What is needed →
The part below that opens with the line containing "Silver brooch, rose" and closes with the line containing "A compact kitchen" should be copied exactly, minus any pictures.
:: Task data ::
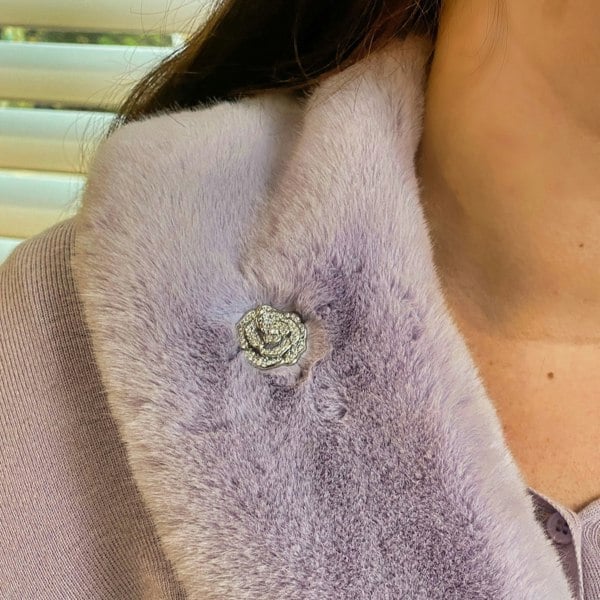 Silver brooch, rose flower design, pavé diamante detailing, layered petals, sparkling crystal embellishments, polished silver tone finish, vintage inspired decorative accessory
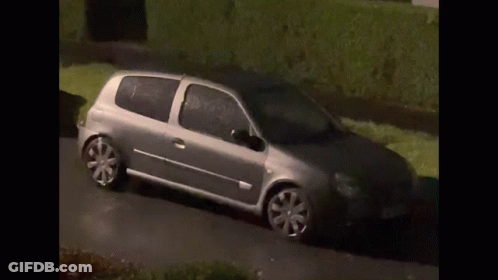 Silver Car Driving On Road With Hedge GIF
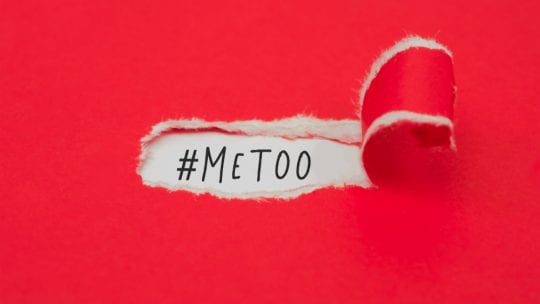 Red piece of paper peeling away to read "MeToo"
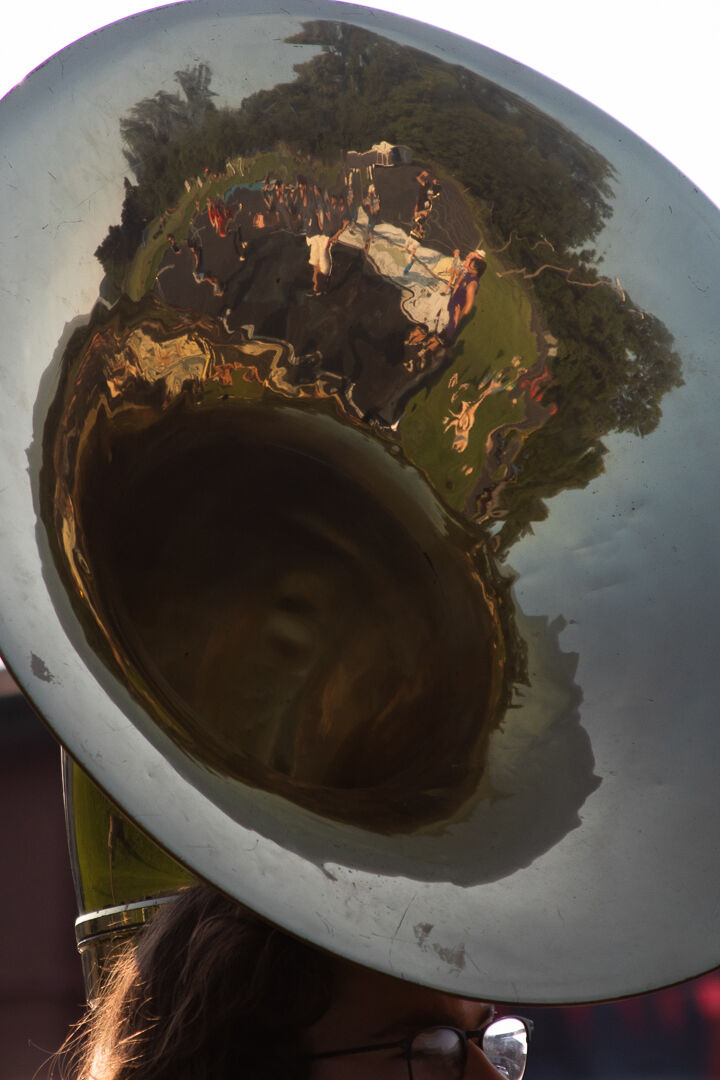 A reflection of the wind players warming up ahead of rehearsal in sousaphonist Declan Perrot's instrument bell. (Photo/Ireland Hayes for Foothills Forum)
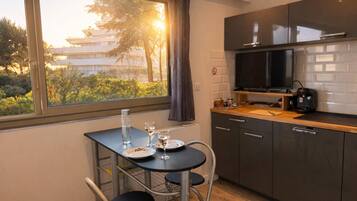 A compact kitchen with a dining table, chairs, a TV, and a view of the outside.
:::
:: Task data ::
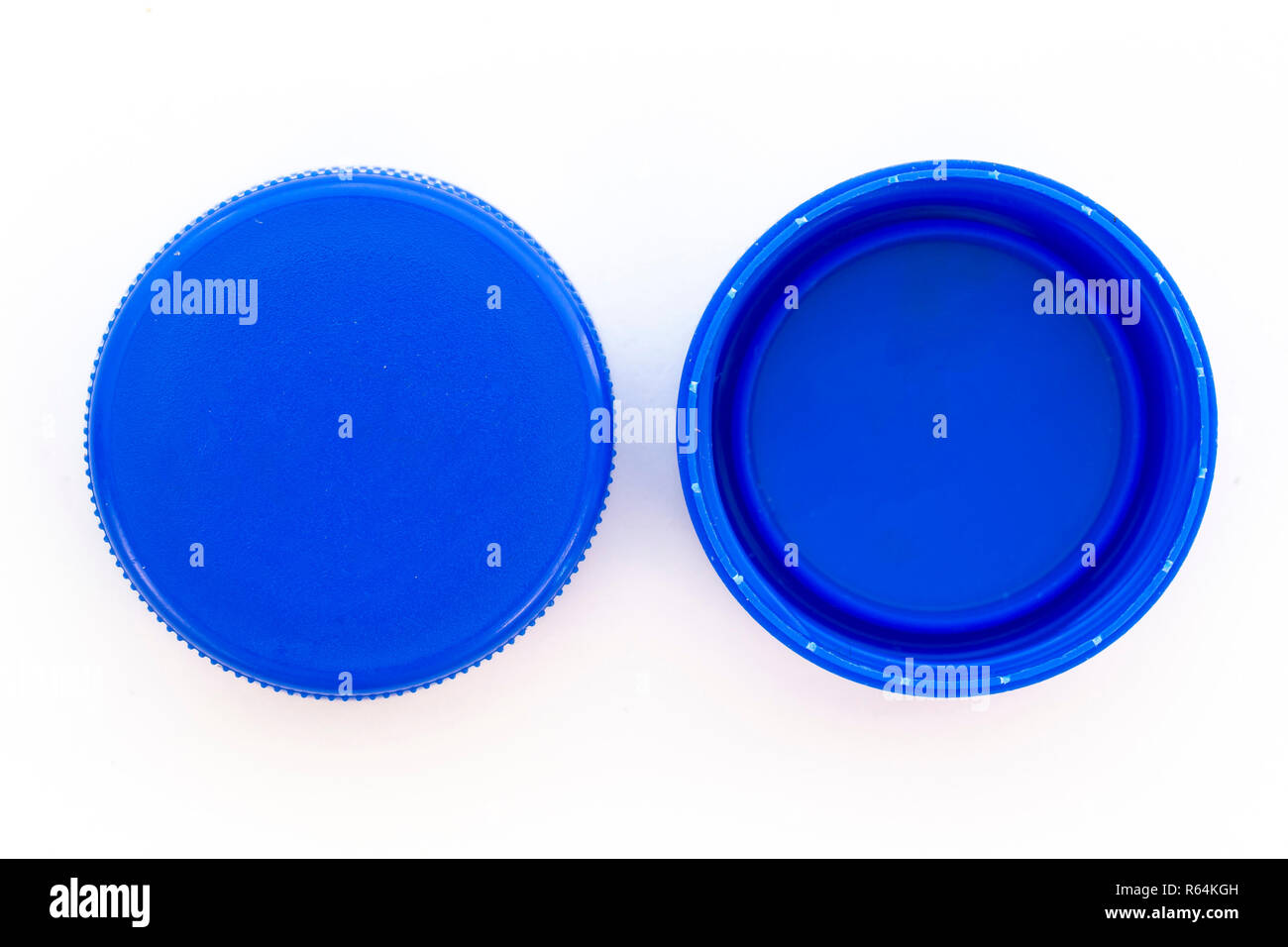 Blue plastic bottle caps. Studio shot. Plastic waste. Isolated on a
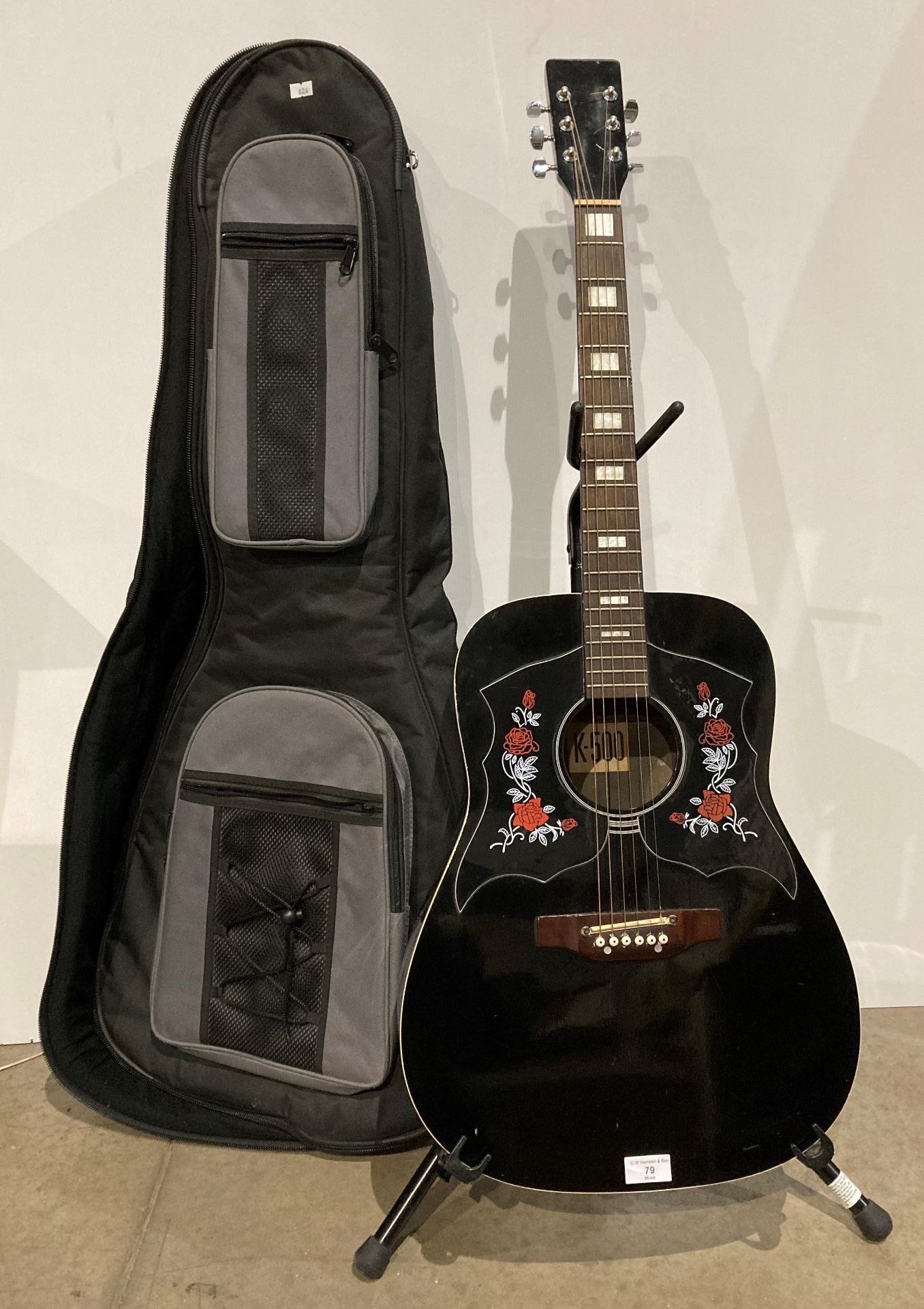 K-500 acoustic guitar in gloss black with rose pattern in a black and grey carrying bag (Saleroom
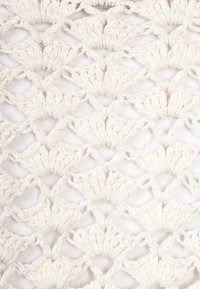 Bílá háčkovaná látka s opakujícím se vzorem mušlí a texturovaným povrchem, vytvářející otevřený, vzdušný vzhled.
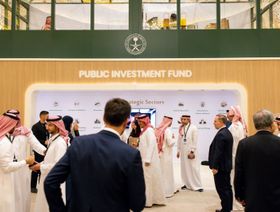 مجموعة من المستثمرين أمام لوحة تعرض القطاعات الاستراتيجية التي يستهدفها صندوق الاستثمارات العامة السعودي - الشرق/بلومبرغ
:::
:: Task data ::
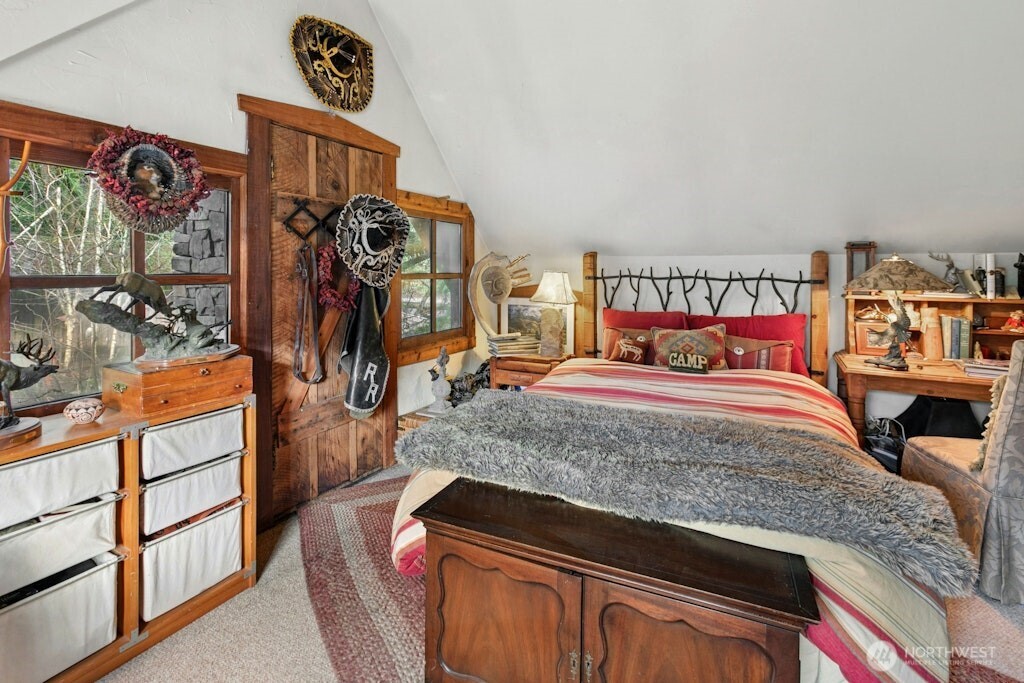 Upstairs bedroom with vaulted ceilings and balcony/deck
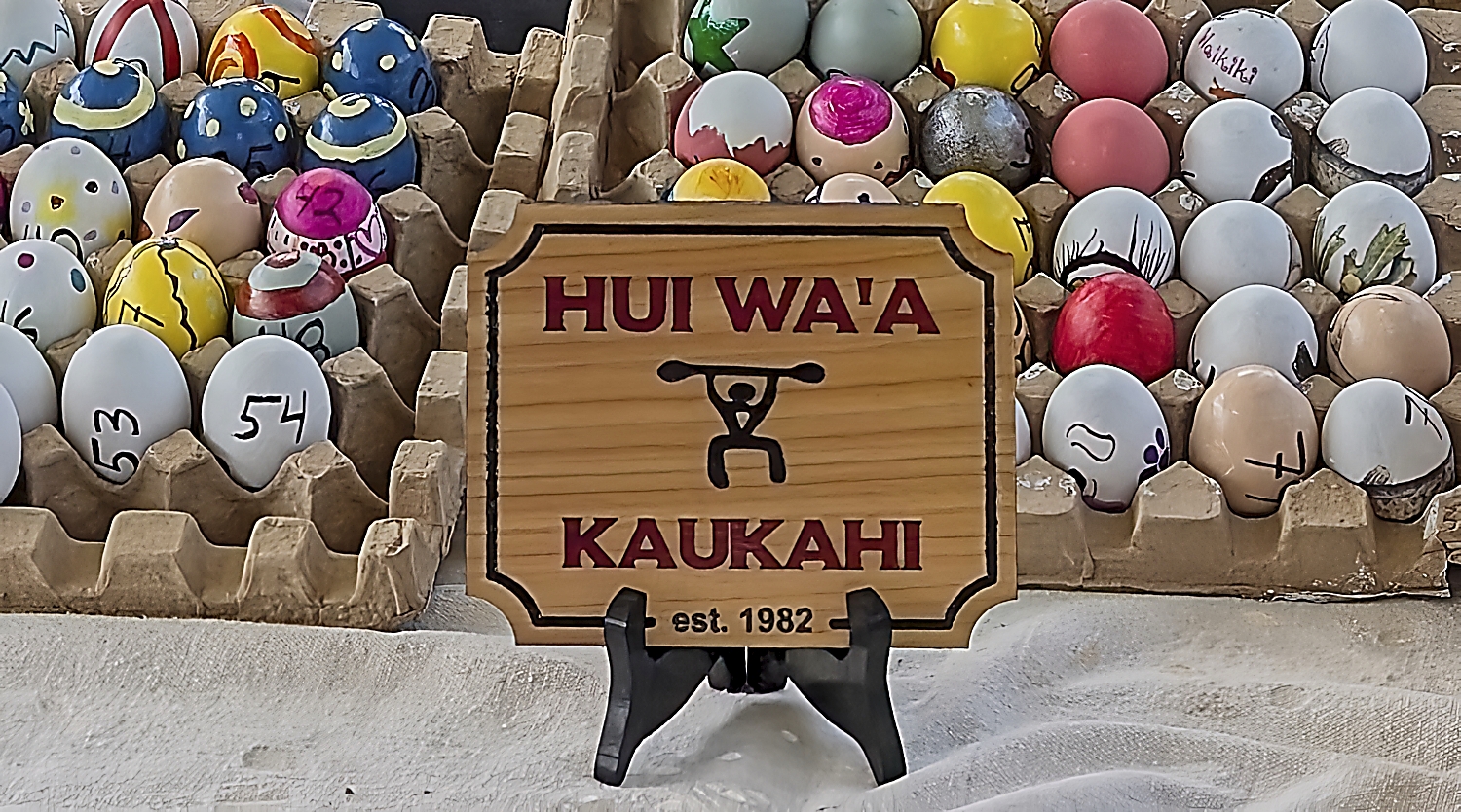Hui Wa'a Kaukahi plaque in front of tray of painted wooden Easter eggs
:::
Answer to this exercise →
 Silver brooch, rose flower design, pavé diamante detailing, layered petals, sparkling crystal embellishments, polished silver tone finish, vintage inspired decorative accessory
 Silver Car Driving On Road With Hedge GIF
 Red piece of paper peeling away to read "MeToo"
 A reflection of the wind players warming up ahead of rehearsal in sousaphonist Declan Perrot's instrument bell. (Photo/Ireland Hayes for Foothills Forum)
 A compact kitchen with a dining table, chairs, a TV, and a view of the outside.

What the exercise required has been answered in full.